Gemini, il Papa e il paradosso digitale, quando l’AI risponde come se fossimo nel 2023

C’è qualcosa di profondamente emblematico nella risposta data da Gemini, l’intelligenza artificiale di Google, alla domanda sui possibili successori di Papa Francesco.
Una frase netta, rassicurante, quasi da comunicato vaticano: “Papa Francesco è attualmente vivo e in servizio. Le informazioni in mio possesso, aggiornate ad aprile 2025, confermano che Sua Santità è il pontefice regnante della Chiesa Cattolica.”
Un errore clamoroso. Perché Papa Francesco è morto. E non da qualche minuto.
L’episodio ha fatto il giro dei social e dei gruppi di giornalisti in tempo reale, come spesso accade quando l’assurdo bussa alla porta della tecnologia. Gemini ha dato una risposta “ufficiale” e al tempo stesso surreale, come se fosse rimasta intrappolata in una realtà parallela dove i bollettini papali non arrivano mai, nemmeno se a diffonderli sono i canali istituzionali della Santa Sede.
La scena è questa: da un lato il mondo intero che commenta la scomparsa del Papa, e dall’altro un’intelligenza artificiale che, con tono solenne e sereno, rassicura che tutto procede secondo il protocollo.
È il cortocircuito perfetto tra fede, tecnologia e disinformazione.
Non si tratta solo di un errore tecnico, ma di una crepa evidente nel modo in cui le intelligenze artificiali gestiscono le informazioni. Gemini non ha sbagliato per ignoranza. Ha sbagliato per prudenza algoritmica, quel meccanismo interno che preferisce rimanere ancorato a dati certi e consolidati, anche se superati, piuttosto che sbilanciarsi su eventi nuovi, ancora in fase di aggiornamento.
Il paradosso è servito, una delle AI più avanzate al mondo si è comportata come l’ultimo degli stagisti, quello che ti risponde copiando e incollando i documenti vecchi per paura di scrivere qualcosa di sbagliato.
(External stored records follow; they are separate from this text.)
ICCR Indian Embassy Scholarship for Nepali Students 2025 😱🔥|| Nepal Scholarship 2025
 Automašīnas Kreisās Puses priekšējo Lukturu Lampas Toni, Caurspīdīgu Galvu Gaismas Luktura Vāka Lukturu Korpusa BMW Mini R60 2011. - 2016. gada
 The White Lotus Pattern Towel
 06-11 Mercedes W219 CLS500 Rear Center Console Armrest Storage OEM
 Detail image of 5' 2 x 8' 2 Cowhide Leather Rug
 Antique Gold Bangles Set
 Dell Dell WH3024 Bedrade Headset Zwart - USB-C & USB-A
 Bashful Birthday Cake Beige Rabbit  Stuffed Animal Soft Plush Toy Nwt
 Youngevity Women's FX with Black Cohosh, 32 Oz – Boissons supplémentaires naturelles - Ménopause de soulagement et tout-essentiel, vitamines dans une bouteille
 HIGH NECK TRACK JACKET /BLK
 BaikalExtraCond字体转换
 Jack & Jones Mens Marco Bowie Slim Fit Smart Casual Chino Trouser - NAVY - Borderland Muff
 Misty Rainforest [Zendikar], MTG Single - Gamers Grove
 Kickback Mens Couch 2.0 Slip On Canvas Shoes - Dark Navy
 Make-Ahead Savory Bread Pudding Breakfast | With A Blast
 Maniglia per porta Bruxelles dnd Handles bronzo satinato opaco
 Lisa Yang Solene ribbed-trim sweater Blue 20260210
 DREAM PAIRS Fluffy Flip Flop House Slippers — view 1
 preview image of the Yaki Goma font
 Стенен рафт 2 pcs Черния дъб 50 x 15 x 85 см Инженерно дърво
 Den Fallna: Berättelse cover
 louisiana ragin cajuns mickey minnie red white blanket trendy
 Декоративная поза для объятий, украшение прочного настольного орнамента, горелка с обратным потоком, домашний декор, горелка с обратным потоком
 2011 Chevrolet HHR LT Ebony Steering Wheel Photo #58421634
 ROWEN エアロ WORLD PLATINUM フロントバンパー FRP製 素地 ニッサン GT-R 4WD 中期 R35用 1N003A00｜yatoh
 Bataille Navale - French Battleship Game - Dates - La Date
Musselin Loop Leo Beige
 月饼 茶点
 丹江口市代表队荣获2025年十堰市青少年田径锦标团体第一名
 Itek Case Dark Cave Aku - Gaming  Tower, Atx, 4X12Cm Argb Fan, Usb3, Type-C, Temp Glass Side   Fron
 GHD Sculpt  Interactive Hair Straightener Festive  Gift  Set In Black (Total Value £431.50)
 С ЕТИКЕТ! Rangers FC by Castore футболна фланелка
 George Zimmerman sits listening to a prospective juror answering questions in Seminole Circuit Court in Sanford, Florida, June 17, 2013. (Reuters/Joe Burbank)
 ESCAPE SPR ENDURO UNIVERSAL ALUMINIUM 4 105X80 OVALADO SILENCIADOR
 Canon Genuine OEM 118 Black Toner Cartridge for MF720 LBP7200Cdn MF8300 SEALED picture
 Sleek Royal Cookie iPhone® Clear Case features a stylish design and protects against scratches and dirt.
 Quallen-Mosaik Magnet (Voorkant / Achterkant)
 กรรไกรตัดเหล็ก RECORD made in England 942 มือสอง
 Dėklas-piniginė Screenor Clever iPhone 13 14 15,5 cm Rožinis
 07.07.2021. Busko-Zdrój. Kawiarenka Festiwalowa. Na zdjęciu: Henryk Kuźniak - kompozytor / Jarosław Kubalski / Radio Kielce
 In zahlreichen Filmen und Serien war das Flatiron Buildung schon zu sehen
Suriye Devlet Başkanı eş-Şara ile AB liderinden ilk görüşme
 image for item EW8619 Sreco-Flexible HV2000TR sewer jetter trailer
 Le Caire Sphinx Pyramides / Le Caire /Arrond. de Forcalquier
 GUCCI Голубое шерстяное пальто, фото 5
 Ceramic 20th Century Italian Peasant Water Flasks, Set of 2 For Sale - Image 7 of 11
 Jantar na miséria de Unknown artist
Ma quando si parla di un Papa morto, il margine d’errore dovrebbe ridursi a zero.
L’incapacità di Gemini di riconoscere tempestivamente la morte del pontefice mostra con chiarezza che le AI non sono oracoli.
Sono specchi, riflettono ciò che è stato loro fornito, non ciò che accade davvero. E se il sistema informativo a cui attingono è lento, parziale, bloccato da logiche conservative o da filtri di sicurezza, il risultato è una verità mutilata.
O peggio, negata.
C’è poi un nodo più sottile ma non meno importante. Quando a morire è una figura spirituale, simbolica, globale come il Papa, la gestione dell’informazione diventa una questione di equilibrio tra rispetto e immediatezza. L’IA, in questo caso, ha scelto il silenzio mascherato da sicurezza. Ha evitato l’annuncio per paura del fraintendimento.
E ha fallito proprio dove avrebbe dovuto eccellere, nel restituire la realtà dei fatti.
Il mondo digitale non può permettersi di trattare la morte di un Papa come una variabile da evitare. Se un’intelligenza artificiale non sa affrontare l’imprevisto con prontezza, allora forse è il momento di ripensare non tanto l’algoritmo, quanto l’idea che abbiamo della sua affidabilità.
In fondo, nessuna macchina può ancora distinguere un sospiro collettivo da una fake news.
Ma chi la macchina la progetta, e chi la usa, sì.